Regulators stressed the scope is narrow and applies only in limited circumstances.
To remain covered, platforms must fully collateralize every contract, meaning positions must be completely backed by assets held in reserve. They must also publish time and sales data for all event contract transactions on their websites after trades are executed, according to the letters.
Prediction markets and event contracts let users take positions on outcomes ranging from sports to niche cultural and political questions. Because these products are regulated in the US as designated contract markets, operators can face extensive documentation requirements. The no-action relief gives certain platforms breathing room if they fall short on the specified rules, as long as they meet the CFTC’s terms.

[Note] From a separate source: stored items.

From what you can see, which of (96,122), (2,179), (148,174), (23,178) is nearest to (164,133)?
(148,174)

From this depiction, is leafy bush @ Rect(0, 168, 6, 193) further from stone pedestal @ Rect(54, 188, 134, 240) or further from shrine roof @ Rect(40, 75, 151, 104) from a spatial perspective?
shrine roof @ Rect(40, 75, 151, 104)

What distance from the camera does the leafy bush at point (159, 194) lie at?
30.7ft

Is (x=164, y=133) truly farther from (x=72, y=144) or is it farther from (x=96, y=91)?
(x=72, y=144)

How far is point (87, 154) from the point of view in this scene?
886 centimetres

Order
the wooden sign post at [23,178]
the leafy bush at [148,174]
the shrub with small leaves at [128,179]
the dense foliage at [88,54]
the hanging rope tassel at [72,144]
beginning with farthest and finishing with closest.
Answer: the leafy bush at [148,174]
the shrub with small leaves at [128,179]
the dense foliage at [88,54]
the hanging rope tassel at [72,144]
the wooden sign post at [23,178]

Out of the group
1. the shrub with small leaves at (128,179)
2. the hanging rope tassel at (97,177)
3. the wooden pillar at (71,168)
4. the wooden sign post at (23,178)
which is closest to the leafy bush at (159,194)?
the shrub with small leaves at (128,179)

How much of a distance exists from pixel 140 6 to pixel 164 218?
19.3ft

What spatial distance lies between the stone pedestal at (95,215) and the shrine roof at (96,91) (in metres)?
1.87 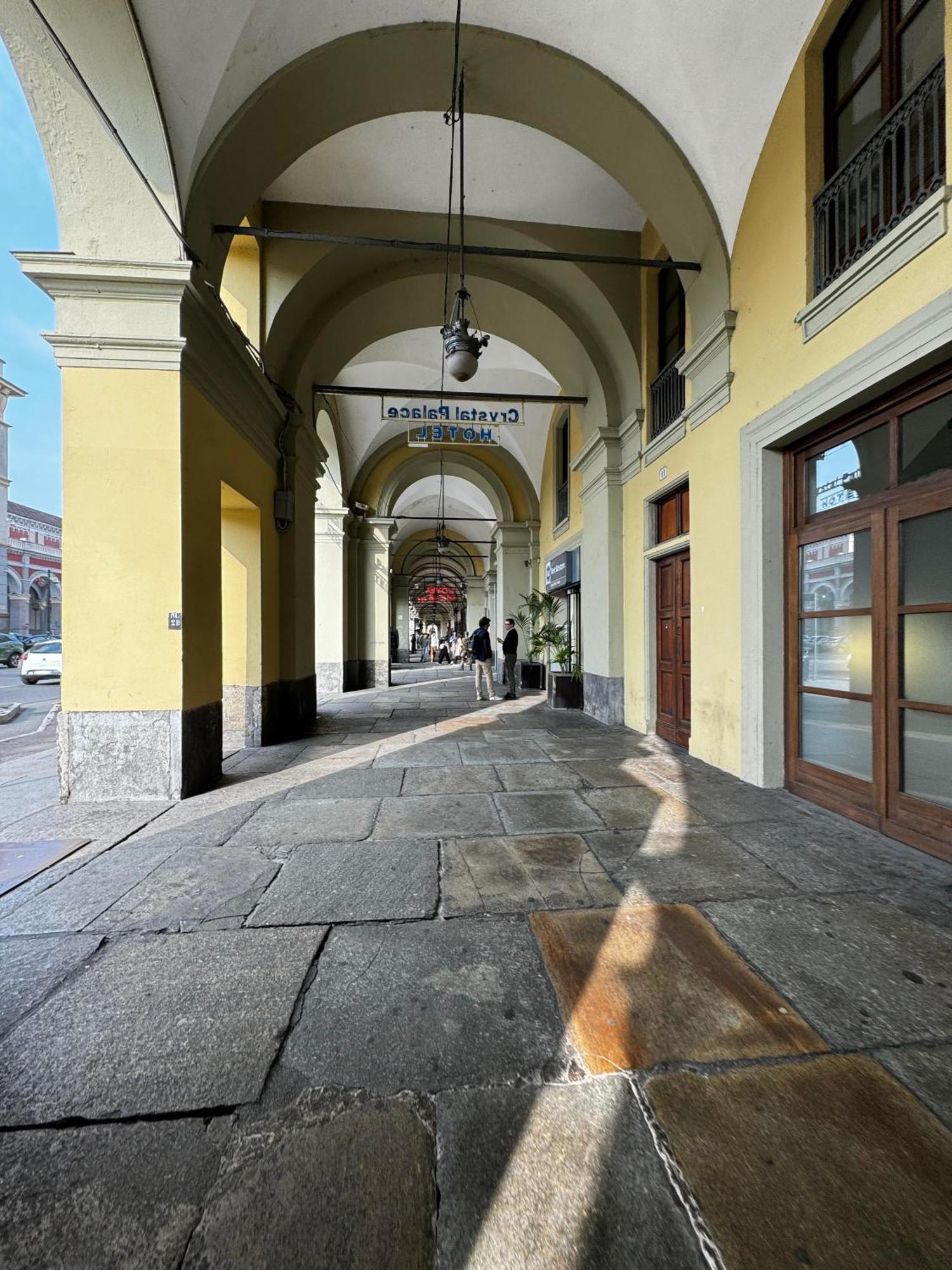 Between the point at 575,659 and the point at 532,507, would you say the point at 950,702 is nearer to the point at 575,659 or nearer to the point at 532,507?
the point at 575,659

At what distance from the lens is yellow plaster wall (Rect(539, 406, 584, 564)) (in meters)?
9.89

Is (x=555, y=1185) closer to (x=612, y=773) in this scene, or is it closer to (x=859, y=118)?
(x=612, y=773)

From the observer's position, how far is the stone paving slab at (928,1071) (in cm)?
140

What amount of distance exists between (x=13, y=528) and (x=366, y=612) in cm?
3575

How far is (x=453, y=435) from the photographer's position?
11031 millimetres

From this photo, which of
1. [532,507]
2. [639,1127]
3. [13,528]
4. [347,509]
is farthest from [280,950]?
[13,528]

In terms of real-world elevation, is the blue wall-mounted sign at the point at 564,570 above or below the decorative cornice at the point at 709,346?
below

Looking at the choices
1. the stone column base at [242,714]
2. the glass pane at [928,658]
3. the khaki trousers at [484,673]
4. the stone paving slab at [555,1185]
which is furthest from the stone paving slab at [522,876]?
the khaki trousers at [484,673]

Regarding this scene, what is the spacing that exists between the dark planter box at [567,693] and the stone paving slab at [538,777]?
4078mm

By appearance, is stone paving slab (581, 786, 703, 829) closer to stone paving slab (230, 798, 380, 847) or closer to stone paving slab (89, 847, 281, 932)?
Result: stone paving slab (230, 798, 380, 847)

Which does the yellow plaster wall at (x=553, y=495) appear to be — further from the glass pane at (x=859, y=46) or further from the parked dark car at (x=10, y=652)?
the parked dark car at (x=10, y=652)

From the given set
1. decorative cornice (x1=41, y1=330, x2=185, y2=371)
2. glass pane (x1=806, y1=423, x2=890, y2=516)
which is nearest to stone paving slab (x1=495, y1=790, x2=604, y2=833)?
glass pane (x1=806, y1=423, x2=890, y2=516)

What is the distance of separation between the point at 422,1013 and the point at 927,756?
3.25m

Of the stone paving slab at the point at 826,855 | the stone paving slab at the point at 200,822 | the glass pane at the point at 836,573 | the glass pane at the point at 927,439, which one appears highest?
the glass pane at the point at 927,439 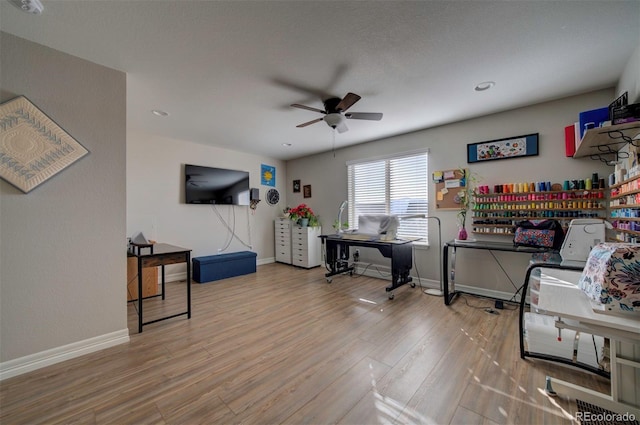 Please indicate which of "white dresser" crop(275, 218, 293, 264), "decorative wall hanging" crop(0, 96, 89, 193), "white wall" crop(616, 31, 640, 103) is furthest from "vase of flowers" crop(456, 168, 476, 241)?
"decorative wall hanging" crop(0, 96, 89, 193)

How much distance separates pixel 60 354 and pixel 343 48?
3.29m

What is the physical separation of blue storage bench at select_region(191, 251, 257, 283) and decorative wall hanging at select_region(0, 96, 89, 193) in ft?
8.13

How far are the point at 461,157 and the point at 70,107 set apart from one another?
170 inches

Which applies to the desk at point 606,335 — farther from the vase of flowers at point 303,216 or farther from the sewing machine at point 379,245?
the vase of flowers at point 303,216

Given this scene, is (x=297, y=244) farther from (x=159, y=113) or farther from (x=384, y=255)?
(x=159, y=113)

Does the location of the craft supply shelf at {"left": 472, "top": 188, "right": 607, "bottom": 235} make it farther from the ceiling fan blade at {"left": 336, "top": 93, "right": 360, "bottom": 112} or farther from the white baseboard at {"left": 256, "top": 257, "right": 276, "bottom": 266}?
the white baseboard at {"left": 256, "top": 257, "right": 276, "bottom": 266}

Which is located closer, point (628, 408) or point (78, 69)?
point (628, 408)

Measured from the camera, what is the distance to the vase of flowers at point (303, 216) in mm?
5086

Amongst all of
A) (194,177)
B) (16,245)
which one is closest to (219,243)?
(194,177)

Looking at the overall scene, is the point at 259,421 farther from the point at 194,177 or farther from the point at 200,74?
the point at 194,177

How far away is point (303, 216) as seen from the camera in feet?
16.7

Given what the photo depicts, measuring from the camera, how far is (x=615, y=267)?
110 centimetres

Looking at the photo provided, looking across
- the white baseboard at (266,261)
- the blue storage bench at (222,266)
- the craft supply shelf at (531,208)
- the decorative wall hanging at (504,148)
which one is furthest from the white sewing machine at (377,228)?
the white baseboard at (266,261)

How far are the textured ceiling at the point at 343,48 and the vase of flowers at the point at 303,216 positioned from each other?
7.87ft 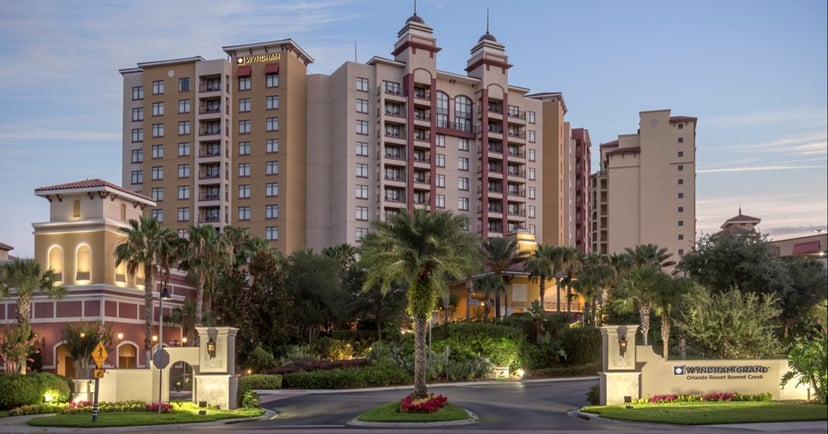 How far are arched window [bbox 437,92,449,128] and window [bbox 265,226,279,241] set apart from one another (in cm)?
2728

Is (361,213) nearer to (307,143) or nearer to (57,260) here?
(307,143)

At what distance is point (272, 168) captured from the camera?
121m

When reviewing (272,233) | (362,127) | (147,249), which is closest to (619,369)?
(147,249)

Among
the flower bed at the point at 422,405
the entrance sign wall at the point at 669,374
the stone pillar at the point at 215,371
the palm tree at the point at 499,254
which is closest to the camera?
the flower bed at the point at 422,405

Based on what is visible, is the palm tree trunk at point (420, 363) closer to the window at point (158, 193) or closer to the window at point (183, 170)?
the window at point (183, 170)

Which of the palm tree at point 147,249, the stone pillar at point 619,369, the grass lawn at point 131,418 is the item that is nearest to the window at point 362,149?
the palm tree at point 147,249

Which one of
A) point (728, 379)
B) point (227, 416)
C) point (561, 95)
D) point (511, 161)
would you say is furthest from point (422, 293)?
point (561, 95)

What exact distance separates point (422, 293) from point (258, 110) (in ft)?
280

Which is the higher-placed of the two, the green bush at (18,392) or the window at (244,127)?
the window at (244,127)

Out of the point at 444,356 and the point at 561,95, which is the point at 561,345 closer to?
the point at 444,356

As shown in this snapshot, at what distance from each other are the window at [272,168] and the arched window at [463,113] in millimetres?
26791

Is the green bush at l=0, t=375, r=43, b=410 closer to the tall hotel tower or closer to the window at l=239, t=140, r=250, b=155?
the tall hotel tower

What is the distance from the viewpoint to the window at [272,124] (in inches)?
4786

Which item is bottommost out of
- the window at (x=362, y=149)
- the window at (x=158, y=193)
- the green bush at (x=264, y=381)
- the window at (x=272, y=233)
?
the green bush at (x=264, y=381) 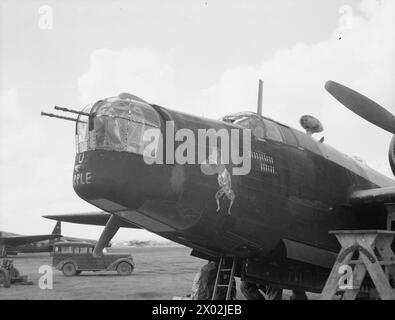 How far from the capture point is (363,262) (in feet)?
27.3

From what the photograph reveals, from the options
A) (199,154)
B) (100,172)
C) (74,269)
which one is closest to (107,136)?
(100,172)

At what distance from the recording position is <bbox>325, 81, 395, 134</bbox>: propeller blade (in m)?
11.7

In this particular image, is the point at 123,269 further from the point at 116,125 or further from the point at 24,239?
the point at 116,125

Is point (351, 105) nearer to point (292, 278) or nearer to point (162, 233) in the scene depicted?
point (292, 278)

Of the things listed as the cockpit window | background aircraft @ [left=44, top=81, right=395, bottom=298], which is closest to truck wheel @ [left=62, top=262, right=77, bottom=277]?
background aircraft @ [left=44, top=81, right=395, bottom=298]

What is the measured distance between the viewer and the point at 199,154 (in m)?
9.13

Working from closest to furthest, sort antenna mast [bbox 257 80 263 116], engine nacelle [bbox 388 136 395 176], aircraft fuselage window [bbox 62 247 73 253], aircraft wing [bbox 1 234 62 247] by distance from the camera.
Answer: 1. antenna mast [bbox 257 80 263 116]
2. engine nacelle [bbox 388 136 395 176]
3. aircraft fuselage window [bbox 62 247 73 253]
4. aircraft wing [bbox 1 234 62 247]

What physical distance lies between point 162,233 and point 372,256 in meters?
3.68

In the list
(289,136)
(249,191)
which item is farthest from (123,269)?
(249,191)

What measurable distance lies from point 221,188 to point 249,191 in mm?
683

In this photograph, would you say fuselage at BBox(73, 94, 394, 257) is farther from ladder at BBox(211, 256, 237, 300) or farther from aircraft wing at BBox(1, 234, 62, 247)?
aircraft wing at BBox(1, 234, 62, 247)

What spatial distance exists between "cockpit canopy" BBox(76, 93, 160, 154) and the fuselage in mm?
16

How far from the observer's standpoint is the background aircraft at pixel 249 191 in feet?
27.7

A no-action letter does not change the underlying law. It signals that CFTC staff will not recommend enforcement for defined conduct under defined conditions, often as a temporary step while a market structure evolves.
The move comes as prediction markets surge. DeFiLlama data shows Kalshi at about $5.14 billion in volume over the past 30 days, versus roughly $1.9 billion for crypto-based Polymarket. Competition is rising too, with Crypto.com launching a prediction market product and signs that Coinbase is exploring its own platform.